The Murder On The Links - Literary Significance and Reception

Literary Significance and Reception

The Times Literary Supplement reviewed the novel in its issue of 7 June 1923. The review compared the methods of detection of Poirot to Sherlock Holmes and concluded favourably that the book "provides the reader with an enthralling mystery of an unusual kind".

The New York Times Book Review of 25 March 1923 began, “Here is a remarkably good detective story which can be warmly commended to those who like that kind of fiction.” After detailing the set-up of the story the review continued, “The plot has peculiar complications and the reader will have to be very astute indeed if he guesses who the criminal is until the last complexity has been unravelled. The author is notably ingenious in the construction and unravelling of the mystery, which develops fresh interests and new entanglements at every turn. She deserves commendation also for the care with which the story is worked out and the good craftsmanship with which it is written. Although there is not much endeavour to portray character, except in the case of M. Poirot, several of the personages are depicted with swiftly made expressive and distinctive lines.”

The unnamed reviewer in The Observer of 10 June 1923 said, "When Conan Doyle popularised Sherlock Holmes in the Strand of the 'nineties he lit such a candle as the publishers will not willingly let out. Not a week passes which does not bring a 'detective' story from one quarter or another, and several of the popular magazines rely mainly on that commodity. Among the later cultivators of this anything but lonely furrow the name of Agatha Christie is well in the front. If she has not the touch of artistry which made The Speckled Band and The Hound of the Baskervilles things of real horror, she has an unusual gift of mechanical complication." The reviewer went on to compare the novel with The Mysterious Affair at Styles which they called, "a remarkable piece of work" but warned that, "it is a mistake to carry the art of bewilderment to the point of making the brain reel." They did admit that, "No solution could be more surprising" and stated that the character of Poirot was, "a pleasant contrast to most of his lurid competitors; and one even suspects a touch of satire in him."

Robert Barnard: "Super-complicated early whodunit, set in the northerly fringes of France so beloved of the English bankrupt. Poirot pits his wits against a sneering sophisticate of a French policeman while Hastings lets his wander after an auburn-haired female acrobat. Entertaining for most of its length, but the solution is one of those 'once revealed, instantly forgotten' ones, where ingenuity has triumphed over common sense".
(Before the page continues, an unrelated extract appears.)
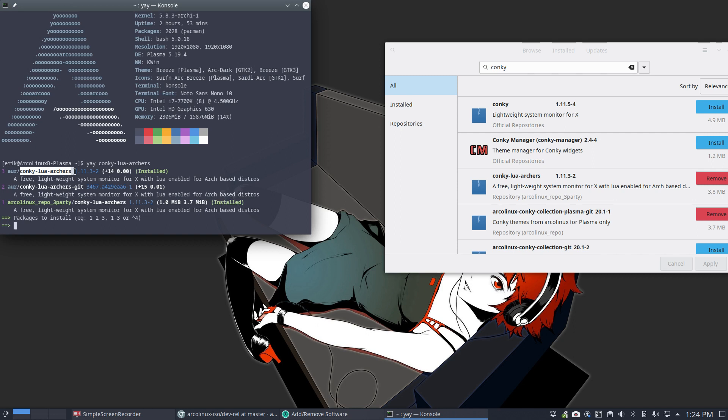So then the Conky will point to folders and files and have links that will not be existing anymore because you updated the package - package for Lua, for example - and suddenly your Lua Conkys don't work. The only thing you need to have as reflex, if you see something relevant to the Conky Lua archers.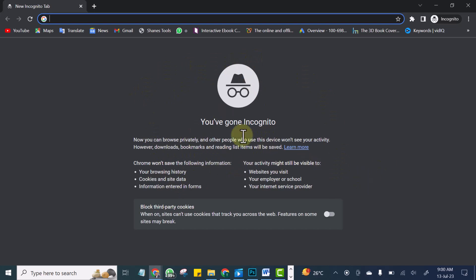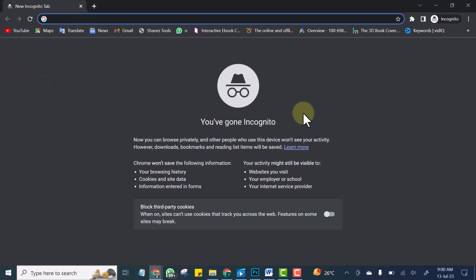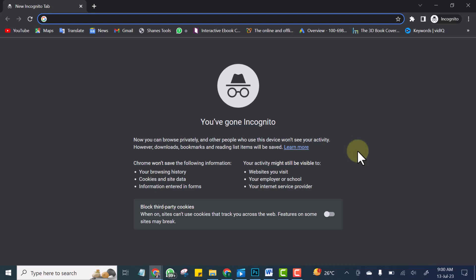Whatever you do here will not be remembered. Once you're done with what you're doing and you close it, your browser is not going to remember anything. Anytime you open a new incognito window, you're starting all over with a fresh browser.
Some additional blurbs regarding the book, and used by The Bodley Head for advertising subsequent print runs, are as follows:

  • "One of the best mystery stories I have read." – S.P.B. Mais in The Daily Express.
  • "A clinking yarn, most ingeniously contrived and skilfully evolved … there is not a superfluous word or a dull one from start to finish … the very best of this sort of fiction." – Winnifred Blatchford in The Clarion.
  • "A thrilling and accomplished book." – Observer.
  • "Mrs. Christie has a surprising gift of keeping the reader's tension unslacked, of heaping excitement on excitement, and of always having a surprise up her sleeve." – Daily Mail.
  • "Unhesitatingly we recommend ‘The Murder on the Links’ to every lover of such tales, and every non-lover likewise we advise to read it and thereupon reconsider their previous opinion." – Queen.
  • "A godsend to hardened readers of fiction." – Illustrated London News.
  • "A very convincing and most readable book." – Challenge.
  • "A really good detective story." – Tatler.
  • "A capital story, cleverly designed, briskly told." – Bookman.
  • "None can say that Mrs. Christie is lacking either in imagination or the ability to tell a good story." – Daily Graphic.
  • "A rattling, ingenious mystery yarn." – London Opinion.

In a modern work of literary criticism, Christie biographer Laura Thompson writes:

Murder on the Links was as different from its predecessor as that had been from Styles. It is very French; not just in setting but in tone, which reeks of Gaston Leroux and, at times, Racine … Agatha admitted that she had written it in a "high-flown, fanciful" manner. She had also based the book too closely upon a real-life French murder case, which gives the story a kind of non-artistic complexity. …

But Poirot is magnificently himself. What originality there is in Murder on the Links comes straight from his thought processes. For example he deduces the modus operandi of the crime because it is a repeat, essentially, of an earlier murder; this proves his favourite theory that human nature does not change, even when the human in question is a killer: "The English murderer who disposed of his wives in succession by drowning them in their baths was a case in point. Had he varied his methods, he might have escaped detection to this day. But he obeyed the common dictates of human nature, arguing that what had once succeeded would succeed again, and he paid the penalty of his lack of originality."